Graphique 1 – Performance du franc suisse contre ses principales contreparties

Toutefois, lors de sa dernière communication de politique monétaire, le président de la BNS a assoupli son discours: «Nos interventions sur le marché des changes ne portent plus prioritairement sur la vente de devises». Thomas Jordan a souligné que l'appréciation nominale du franc avait joué un rôle essentiel dans la maîtrise de l'inflation, mais que les conditions monétaires sont désormais propices au maintien de l'inflation dans la fourchette cible, au-dessous de 2%. Ce changement de rhétorique n'est pas anodin. Il suggère que, depuis le mois de décembre, la BNS juge exagérée la progression du franc suisse: pas forcément trop forte, mais trop rapide. Elle est donc prête à freiner toute appréciation additionnelle du franc. Les deux dernières décennies ont permis de constater que l'objectif de l'institution zurichoise n'est pas d'empêcher l'appréciation du franc mais de la freiner, afin de donner du temps aux entreprises pour gagner en compétitivité et s'adapter. Cette fois encore, et après avoir passé 18 mois à vendre quelque 200 milliards de dollars et d'euros pour réduire son bilan (et donc acheter des francs suisses), la BNS vient d'inverser la vapeur. Selon nos estimations, entre le 1er et le 31 décembre 2023, la BNS a acheté l'équivalent de 11 milliards de francs. Il s'agit d'un montant important et nous nous attendons à ce qu'elle poursuive dans cette voie au cours des prochains mois (cf. graphique 2).

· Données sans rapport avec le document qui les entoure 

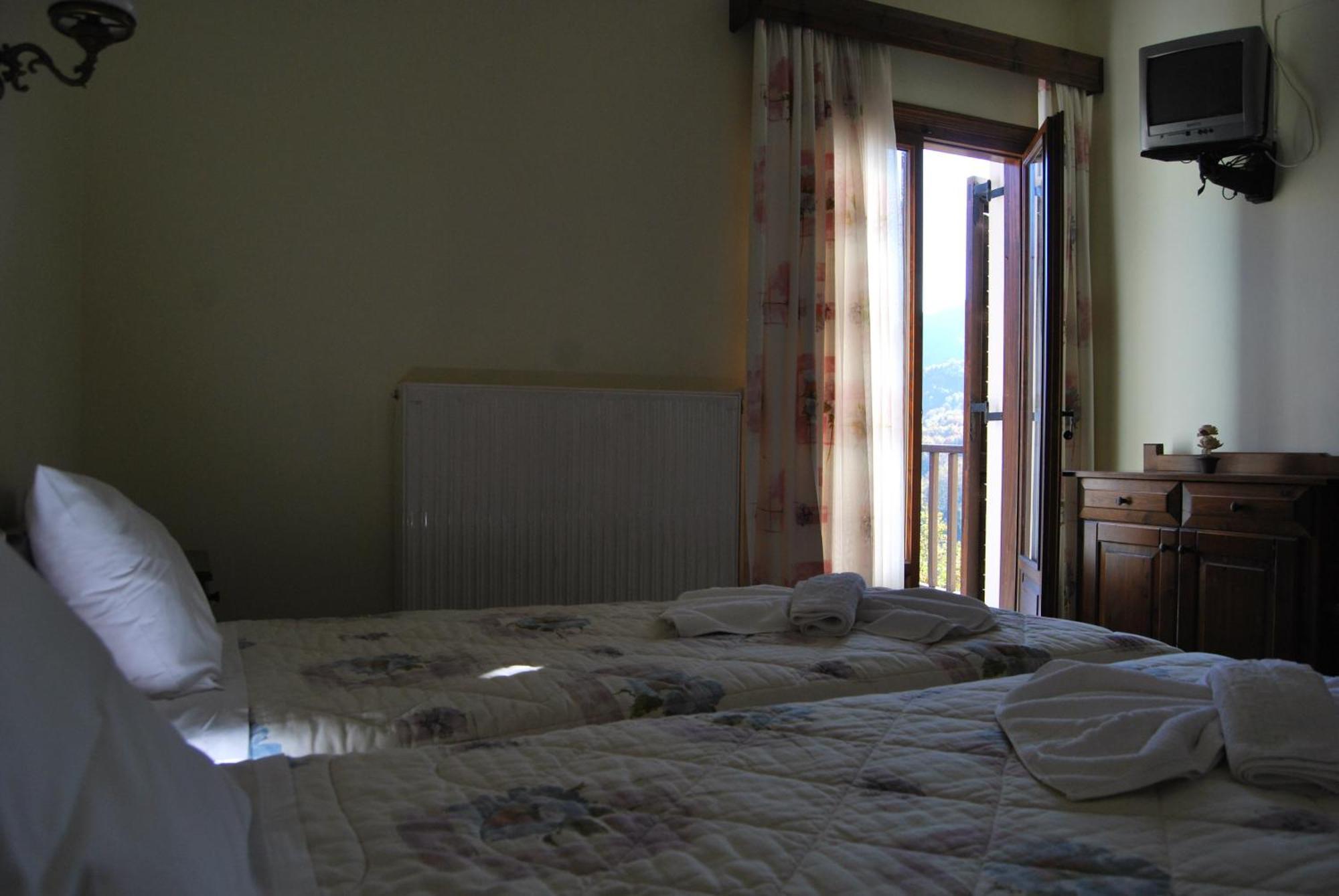 Rizoma Guesthouse Mikrón Khoríon Exteriör bild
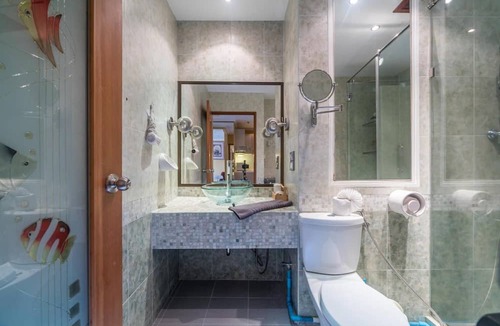 Patong Apartment | Patong Tower Condo- prime location, pool, 150m to beach!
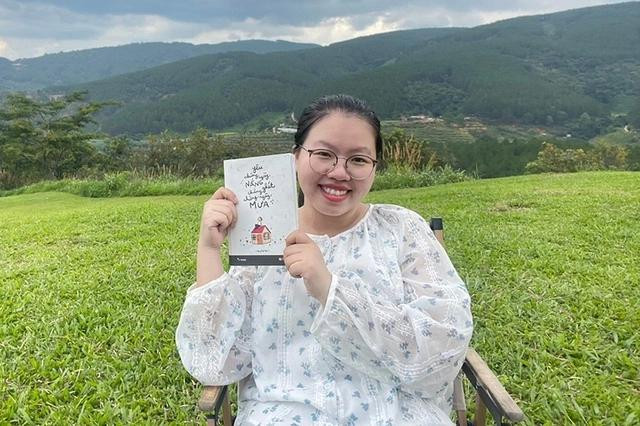 Vượt qua nhiều khó khăn, Kim Lài đã có thành tích học tập xuất sắc và được nhận học bổng của Chính phủ Trung Quốc trị giá 1,2 tỉ đồng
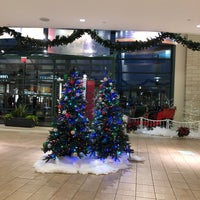 12/10/2017 tarihinde Andrew S.ziyaretçi tarafından Hilldale Shopping Center'de çekilen fotoğraf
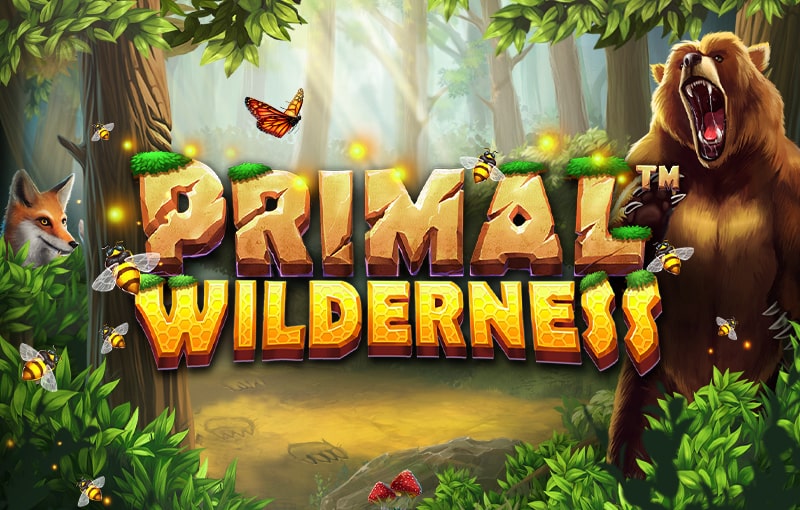Обложка слота Primal Wilderness с медведем в лесу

Graphique 2 – La BNS vient d'inverser la vapeur et cherche désormais à affaiblir le franc suisse

A long terme, les taux de change sont principalement influencés par les différentiels d'inflation, c'est-à-dire la parité de pouvoir d'achat (PPA). Les termes semblent complexes mais ils cachent en réalité un concept simple: les prix des biens et services doivent être les mêmes partout sur la planète, sans quoi les monnaies évoluent pour compenser. Ainsi, plus l'inflation est élevée dans un pays, plus sa monnaie se déprécie. Et inversement. Historiquement, la croissance des prix étant plus faible en Suisse qu'en Zone Euro et qu'aux États-Unis, le franc a une tendance naturelle à l'appréciation. Exceptionnellement, sous l'effet de l'accroissement des prix de l'électricité (+18%), des loyers (+3%) et de la Taxe sur la Valeur Ajoutée (TVA de 7,7% à 8,1%), l'inflation Suisse augmentera plus rapidement en 2024. Elle pourrait atteindre 2% en rythme annuel. L'écart avec l'inflation en Zone Euro et aux Etats-Unis sera donc très faible. A la différence des dernières années, cela ne profitera pas au franc suisse. Selon la PPA, le franc est actuellement sous-évalué de -6% par rapport au dollar (0.81 franc) et surévalué de +10% par rapport à l'euro (1.04 franc).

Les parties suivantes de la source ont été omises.